United States District Court, E.D. Wisconsin

December 1, 2016



          J.P. Stadtmueller U.S. District Judge

         Before the Court are four pretrial motions. First, Defendant Melvin Krumdick (“Krumdick”) has requested that the Court provide his travel and lodging expenses for the upcoming trial. (Docket #165). Second, Defendant Todd Dyer (“Dyer”) has filed a motion to adjourn the trial date. (Docket #172). Third, Dyer has filed a motion to dismiss certain counts of the superseding indictment based on confrontation issues. (Docket #171). Fourth, Dyer filed a motion to dismiss the superseding indictment in its entirety on the ground that the term of the grand jury who issued it had expired. (Docket #180). The government did not respond to Krumdick's motion but has responded to Dyer's motions to dismiss. See (Docket #177 and #181). The Court will address each motion in turn.

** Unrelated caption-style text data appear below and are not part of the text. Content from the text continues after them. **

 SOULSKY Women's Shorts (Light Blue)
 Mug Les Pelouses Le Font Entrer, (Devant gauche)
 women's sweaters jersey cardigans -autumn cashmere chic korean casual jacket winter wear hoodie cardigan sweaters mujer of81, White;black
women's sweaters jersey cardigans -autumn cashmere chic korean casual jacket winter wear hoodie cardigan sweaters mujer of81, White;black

         1. Defendant Krumdick's Motion for Travel and Lodging Expenses

         First, the Court will deny Krumdick's motion for an order directing the United States Marshal to transport Krumdick and to pay his lodging expenses for the duration of the trial in this case. Krumdick lives in Oak Park, Illinois, a Chicago suburb. He has no income save Social Security and faces other serious financial problems. He also suffers from a variety of health concerns which make it impossible for him to drive himself Milwaukee.

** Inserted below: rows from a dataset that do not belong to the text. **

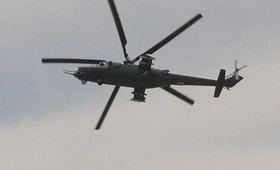 Вертолёт ВВС Таджикистана, вероятно, сбит в воздушном пространстве Афганистана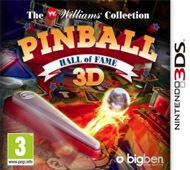 Boxart of Pinball Hall of Fame: The Williams Collection 3D (Nintendo 3DS)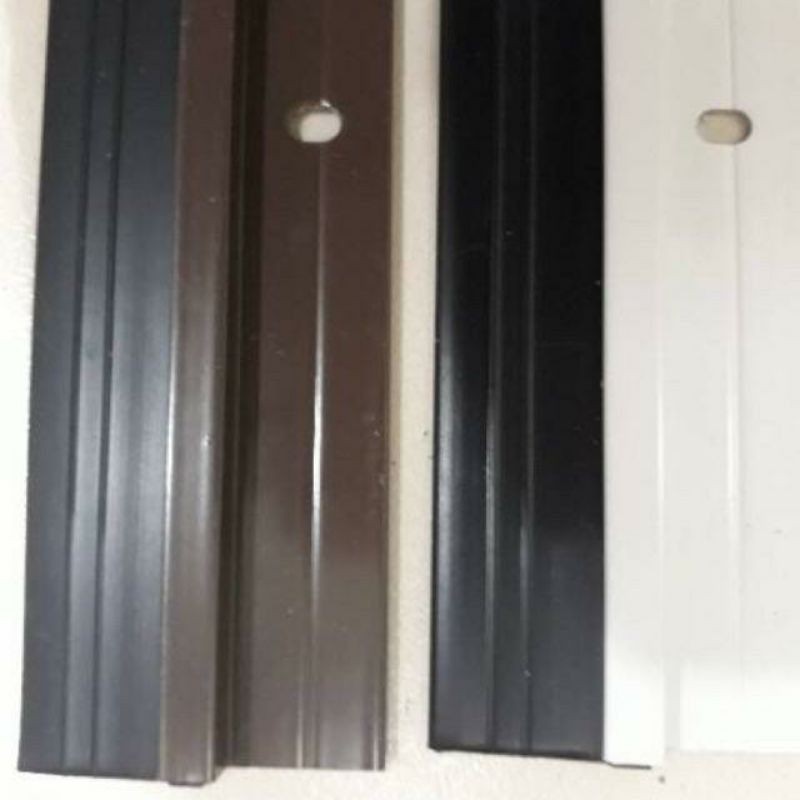 Penutup Celah Bawah Pintu Door Seal penutup lubang celah bawah pintu aluminium karet 91cm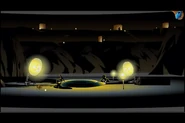 The sundial in Onu-Koro's Great Mine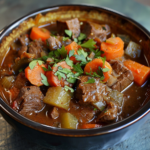 Slow Cooker Beef Stew: A Hearty Homemade Meal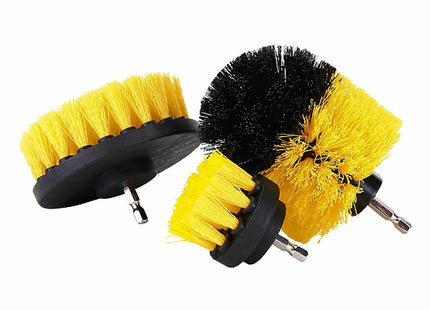 3-Piece Scrubbing Brush Kit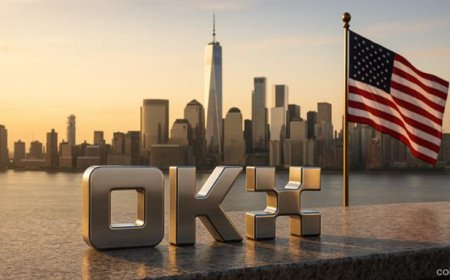 OKX Plans U.S. IPO After Regulatory Settlement and Market Reentry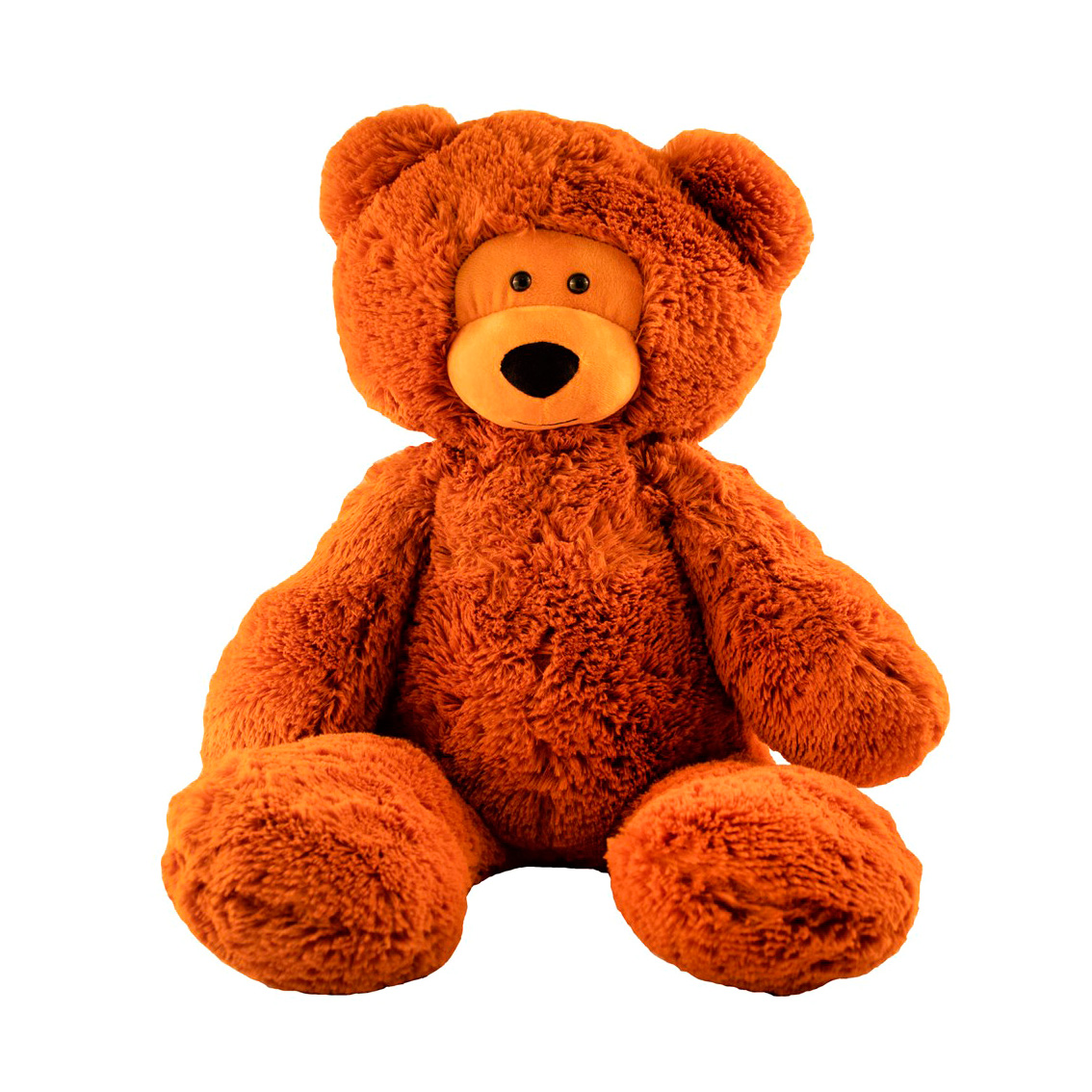 фото Мягкая игрушка kiddieart tallula. медведь коричневый 90 см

         For these reasons, Krumdick argues, he should be provided, free of charge, transport by the Marshal at the beginning and end of trial and food and lodging expenses during the trial. He cites United States v. Mendoza, 734 F.Supp.2d 281 (E.D.N.Y. 2010), for the proposition that the Court can order such relief either at the Marshal's expense under 18 U.S.C. § 4285, at the expense of the Pretrial Services Agency under 18 U.S.C. § 3154(4), or at the Court's expense pursuant to the Criminal Justice Act (“CJA”), 18 U.S.C. § 3006A. The Court appreciates the difficulties Krumdick faces as a result of his health and poor financial condition. Yet the Court does not read in these statutes the breadth of authority Krumdick believes they contain.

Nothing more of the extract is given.